BRHサロン
科学少年ジムになる
もともと、未知の世界への興味に誘われて本を読むほうで、幼い頃はといえば、『小公女』よりも『宝島』が好きだった。まるで自分が主人公のジムになった気分で、海や島をかけめぐる。一本足の海賊シルバーとの一騎討ち。宝を発見したときのワクワクする気分。
あるときまで現実にそんな冒険がある気がしていた。しかし成長するにつれて現実の世界は急速に色あせ、夢もロマンも興奮も消えていく。
私が現代において再発見した冒険談—それがなんとサイエンスの本、なのである。
ジョナサン・ワイナーの『フィンチの嘴(くちばし)』を読んだことがありますか。主人公は、ダーウィンに進化論を思いつかせたというガラパゴス諸島のフィンチたち。アメリカの生物学者グラント夫妻が20年間テント持参で島の一つに通い続け、ついに進化の現場をその目で見た一大科学ロマン。夫妻は島に棲む数百羽のフィンチを、サイズから行動、生態まで、一羽一羽克明に記録していく。同時に、餌となる実や種の大きさ、堅さ、割りやすさまで緻密に調べる。降雨と干ばつのなかで、フィンチの集団は繁栄と衰弱を繰り返す。
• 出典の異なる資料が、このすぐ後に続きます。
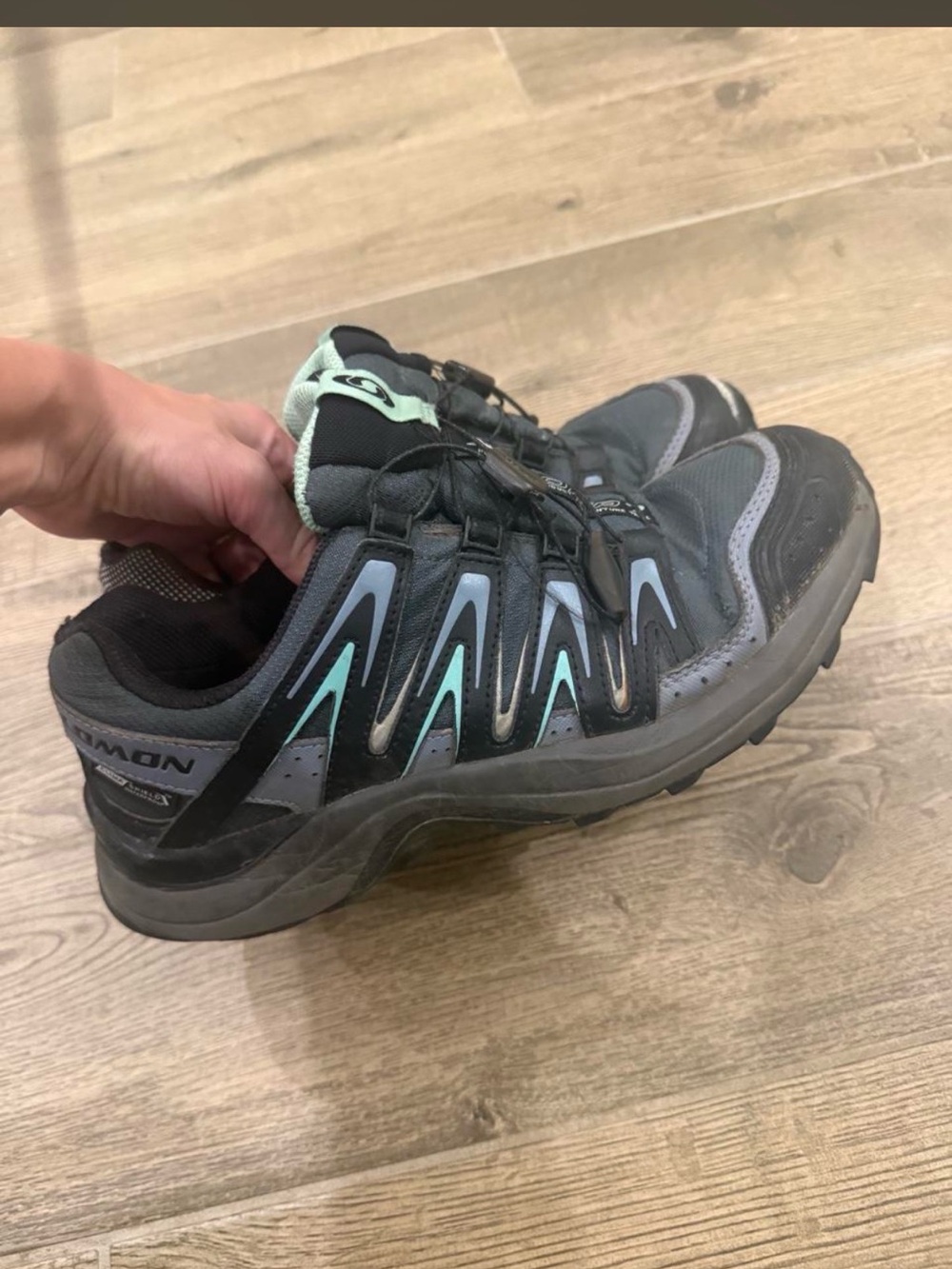 Salomon Women's Black Trail Sneakers with Mint Accents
その20世代にもわたる長い長い観察記録のなかで、生死の分かれ目はくちばしの大きさにして0.5mmの違いであることをついに彼らは発見する。くちばしは全体で1cmほど。太いくちばしをもつ体の大きな個体だけが、干ばつのときでも堅いハマビシの実を割って食べられる。しかしわずかにくちばしが小さければ餓え死にだ。
0.5mmの差が淘汰に関わる!「そんなー」「ウッソー」。彼らが学会で発表したとき、誰もが信じようとしなかったという。私も驚いた。でも、これこそがダーウィンの唱えた自然淘汰の現実なのだ。
読み進めながら、私はいつの間にか自分がグラント夫妻になったつもりで、フィンチを手にし、波間を歩き、ハマビシの実をかんでいた。
科学の中に本当の冒険がある。私もいつか自分自身の物語の中で科学少年“ジム”になってみたい。
「フィンチの嘴」早川書房,1995年
(もり・ふじこ/『SENRI EYES』編集者)
※所属などはすべて季刊「生命誌」掲載当時の情報です。